The typical rationale stated for equipping vehicles with a combination of different sensors is that multiple streams of different sensor data complement each other, together providing better ADAS and AV performance than any single sensor mode.
But there’s another reason why adding different kinds of sensors is important. When the performance of one sensor type is degraded or even completely curtailed by rain, mud, spattered bugs or other environmental schmutz, it is critical to have a back-up stream of incoming data from a different sensor that might be less impaired (or might even be impervious) to whatever the obstruction is.
This is part of the reason why Tesla is getting so much attention for saying in May it is going to give up on radar and rely completely on cameras in its vehicles. Anybody thinking it through for a few minutes knows there will inevitably be situations in which Tesla vehicles will get splashed with mud and go blind. That’s why few automotive experts interpret Tesla’s decision as anything but a temporary situation.
We asked Willard Tu from Xilinx about how different sensors behave with different types of obstructions (Xilinx FPGAs are being used by some automotive companies for processing sensor data).
The advantage of radar over vision systems, for example, is that it radar can cut through rain and fog, even if those conditions might limit a radar system’s range, he explained.
Meanwhile, “mud is unique,” Tu said. Radar can penetrate dried mud easily, “but wet mud? Water is conductive and it can distort the signal,” Tu noted.
Below is a diagram showing how multiple cameras, radars and lidars can complement each other. Some vehicle manufacturers are evaluating all three, many are trying to determine if they can get away with two of the three (and in which combination). Few other than Tesla are considering a single sensor type.
“Me? I think you should use two types,” Tu said. “Lidar and radar are both good at ranging. A camera is good for color, and lidar and radar can’t do that. On the other hand, lidar can read a sign sometimes, if there’s enough of an edge on the writing. There are always trade-offs in cost and performance.
“Most car companies want a camera. That’s cheap and easy,” Tu continued, “then maybe a lidar or a radar.”
But the decision is more complicated than which sensor to use, or which combination, Tu explained.
The more sensor data a vehicle collects, the more processing power is required. But auto manufacturers have a lot of leeway in balancing data volumes they collect against the power of the processing they need against the sophistication of their artificial intelligence.

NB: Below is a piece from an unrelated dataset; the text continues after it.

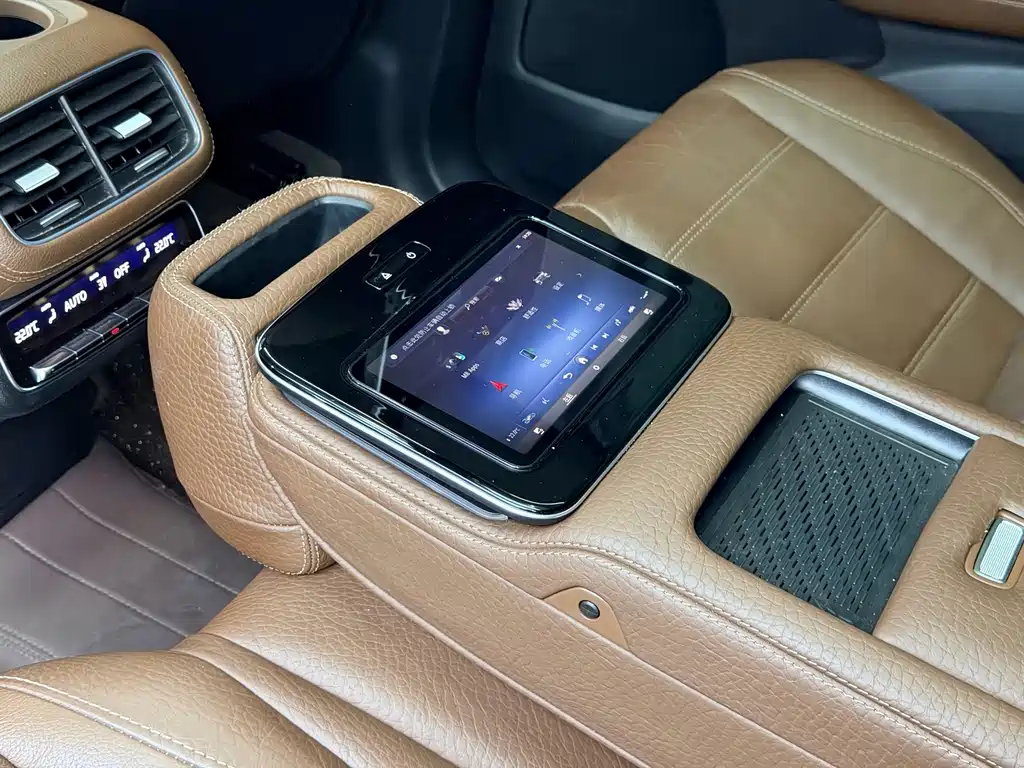 Mercedes-Benz GLS — миниатюра 14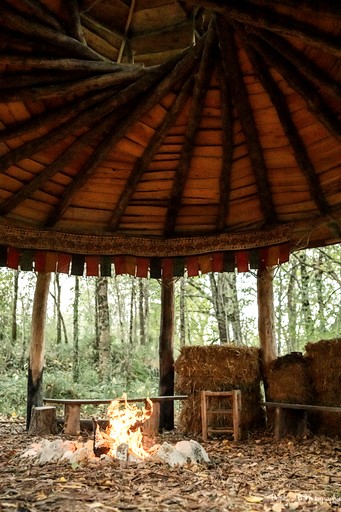 Yurts (France, --, --)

“Good AI is key,” Tu said. He shared an image, a point cloud from an actual sensor reading that a Xilinx customer assured Tu had been used to correctly identify everything in view. It was so profoundly sparse neither of us could even guess what might have been in the scene – the point being that sophisticated AI can do more than might be expected with what seemed to be minimal data.
This is what lidar and radar engineers are getting at when they say AI can be used to compensate for partially obscured sensors. Similar to the way AI can function with a relatively small amount of data, AI can be used to solve the problem of getting less data than ordinary, with sufficient training.